EXTRACTED ENTRIES ::
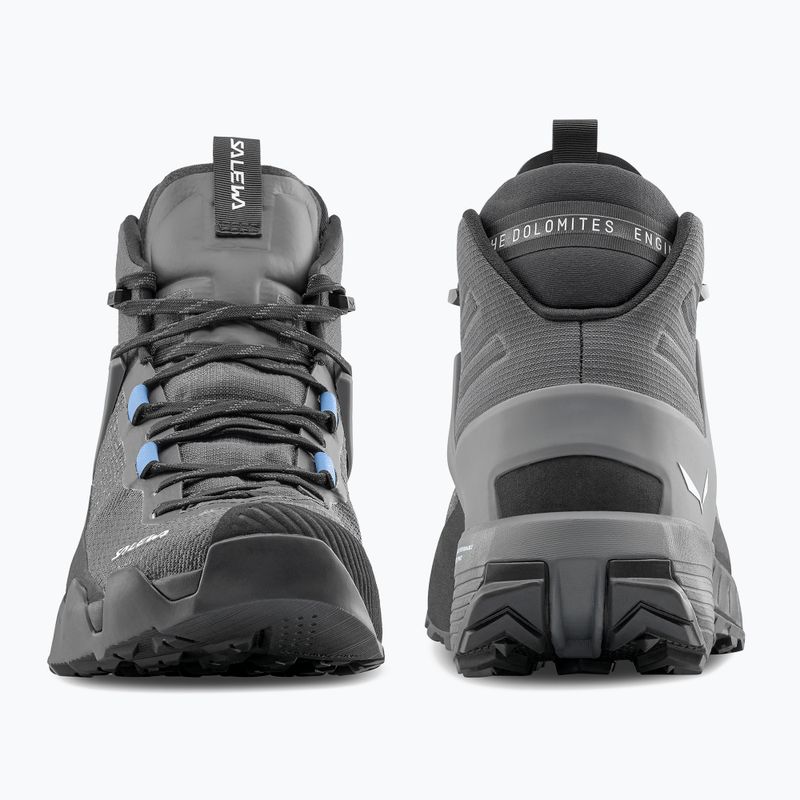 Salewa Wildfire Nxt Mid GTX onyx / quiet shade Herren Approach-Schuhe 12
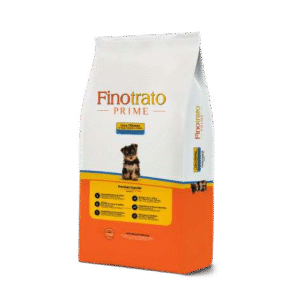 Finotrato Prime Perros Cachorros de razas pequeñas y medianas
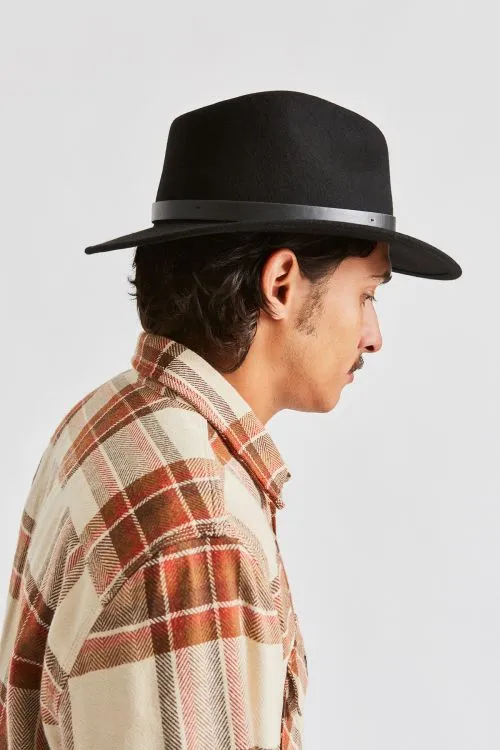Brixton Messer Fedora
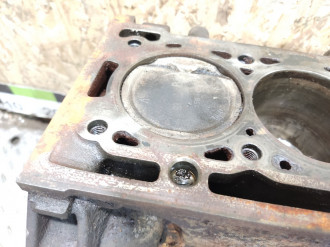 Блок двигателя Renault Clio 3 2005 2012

==

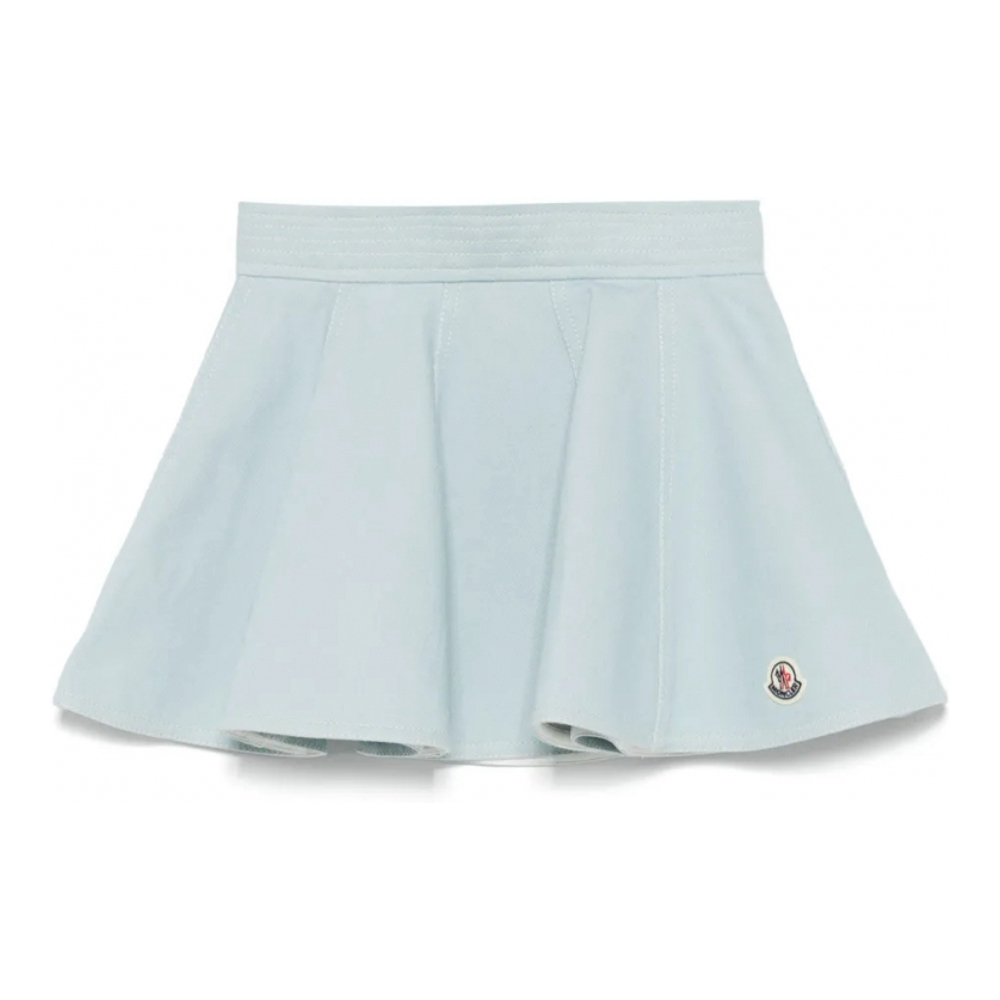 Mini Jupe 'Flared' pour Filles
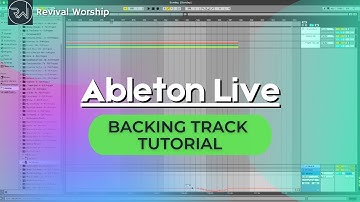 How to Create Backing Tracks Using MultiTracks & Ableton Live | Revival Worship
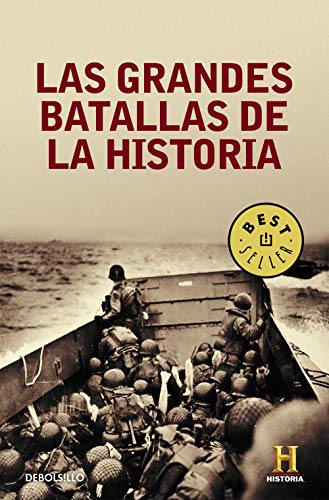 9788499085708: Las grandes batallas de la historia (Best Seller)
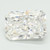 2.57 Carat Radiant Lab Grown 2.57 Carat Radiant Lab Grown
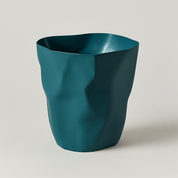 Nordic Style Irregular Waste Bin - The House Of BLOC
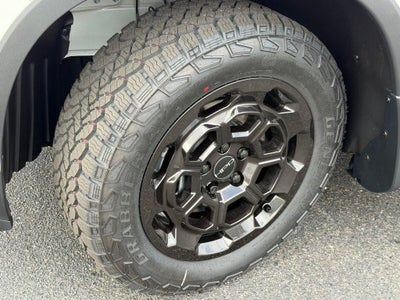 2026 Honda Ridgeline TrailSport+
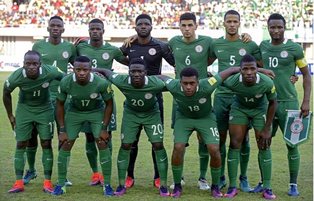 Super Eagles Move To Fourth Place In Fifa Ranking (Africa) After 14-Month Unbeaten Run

EXERCISE REQUIREMENTS ::
In the material above, one part opens with the line containing "Mini Jupe 'Flared' pour Filles" and closes with the line containing "Super Eagles Move". Write out that part exactly and skip its pictures.

SOLUTION TO THE EXERCISE ::
 Mini Jupe 'Flared' pour Filles
 How to Create Backing Tracks Using MultiTracks & Ableton Live | Revival Worship
 9788499085708: Las grandes batallas de la historia (Best Seller)
 2.57 Carat Radiant Lab Grown 2.57 Carat Radiant Lab Grown
 Nordic Style Irregular Waste Bin - The House Of BLOC
 2026 Honda Ridgeline TrailSport+
 Super Eagles Move To Fourth Place In Fifa Ranking (Africa) After 14-Month Unbeaten Run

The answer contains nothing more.